OPT is a form of temporary employment available to F-1 students (except those in English language training programs) that directly relates to a student’s major area of study in the United States. A student can apply to engage in OPT during or after completing his or her academic program. A student can apply for 12 months of OPT at each education level (e.g., one 12-month OPT period at the bachelor’s level and another 12-month period at the master’s level). While school is in session, the student may work up to 20 hours per week pursuant to OPT.

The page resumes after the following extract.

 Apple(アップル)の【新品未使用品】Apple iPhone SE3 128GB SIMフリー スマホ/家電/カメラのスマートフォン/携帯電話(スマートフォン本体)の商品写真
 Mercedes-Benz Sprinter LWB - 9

DHS first introduced an extension of OPT for STEM graduates in a 2008 interim final rule. Under the 2008 rule, an F-1 student with a STEM degree from a U.S. institution of higher education could apply for an additional 17 months of OPT (17-month STEM OPT extension), provided that the employer from which the student sought employment was enrolled in and remained in good standing in the E-Verify employment eligibility verification program. On August 12, 2015, the U.S. District Court for the District of Columbia ordered the vacatur of the 2008 rule on procedural grounds and remanded the issue to DHS. The court stayed the vacatur until February 12, 2016, to give DHS the opportunity to issue a new rule related to STEM OPT extensions through notice-and-comment rulemaking.

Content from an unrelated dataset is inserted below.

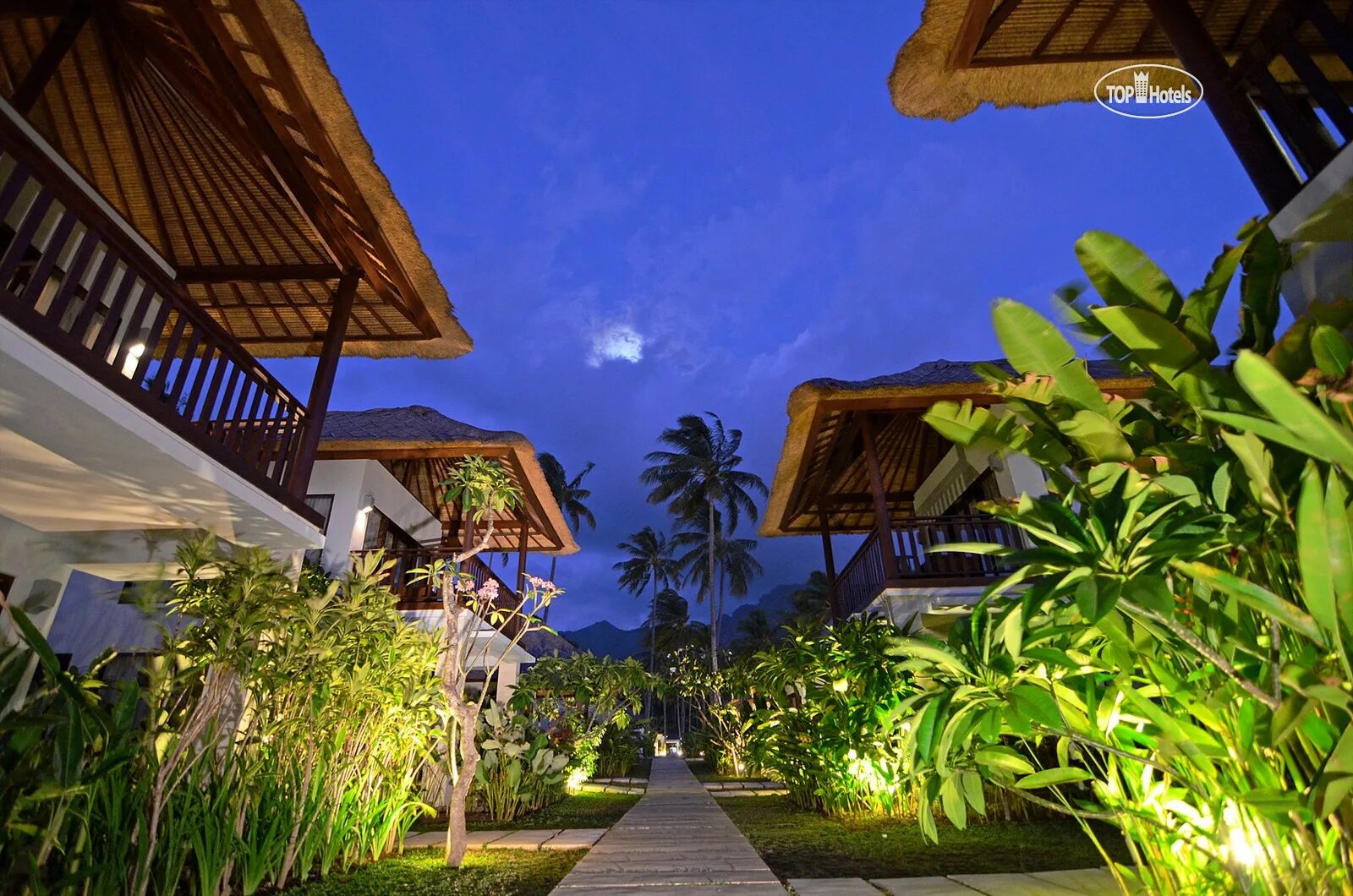 Living asia. Living Asia Resort and Spa. Segoda Resort. Phunawa Resort 4. Villa Live.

On October 19, 2015, DHS published a notice of proposed rulemaking (NPRM) to reinstate the STEM OPT extension, with changes intended to enhance the educational benefit afforded by the extension and to increase program oversight, including safeguards to protect U.S. workers. The rule received more than 50,500 comments—the most in DHS history. On January 23, 2016, the court gave DHS additional time to complete the rulemaking following review of public comments and to allow the Department to publish the rule with a 60-day delayed effective date to provide sufficient time for efficient transition to the new rule’s requirements.
DHS has now completed the final rule. Highlights include:
Extension period to increase from 17 to 24 months. Under the amended regulations, F-1 STEM students will be able to extend OPT for an additional 24 months beyond the initial 12 months, replacing the 2008 regulation that allowed F-1 STEM students to receive a 17-month extension of OPT, providing work authorization for employment related to their field of study.
New reporting requirements for F-1 students and university officials. New reporting requirements include: (1) a six-month validation requirement, confirming the F-1 student applicant’s application for work authorization through the OPT program; (2) an annual self-evaluation required of F-1 students, for designated school officials to review; and (3) an affirmative requirement for F-1 students to report any change in employment status or material departure from the adopted Training Plan. This is in addition to the requirement for F-1 employers to report similar changes to designated school officials within five business days, which remains in effect.
F-1 employer requirement to complete formal Training Plan with F-1 student. The new regulations will increase DHS oversight over the OPT program. F-1 employers must complete a formal Training Plan, Form I-983, and comply with new wage requirements. The formal Training Plan must include concrete learning objectives with proper oversight. F-1 employers must set out the terms and conditions of employment, including the specific duties, hours, and compensation.
As part of the Training Plan, F-1 employers must attest that the F-1 employee is paid a salary commensurate with similarly situated workers and that: “(1) it has sufficient resources and trained personnel available to provide appropriate training in connection with the specified opportunity; (2) the student will not replace a full- or part-time, temporary or permanent U.S. worker; and (3) the opportunity will help the student attain his or her training objectives.”
DHS to conduct on-site visits. The new regulations state that DHS has discretion to conduct employer site visits to ensure that F-1 employers meet the requirements of the OPT program. Generally, DHS must provide notice 48 hours before an on-site inspection, unless the visit is conducted in response to a complaint or evidence of noncompliance.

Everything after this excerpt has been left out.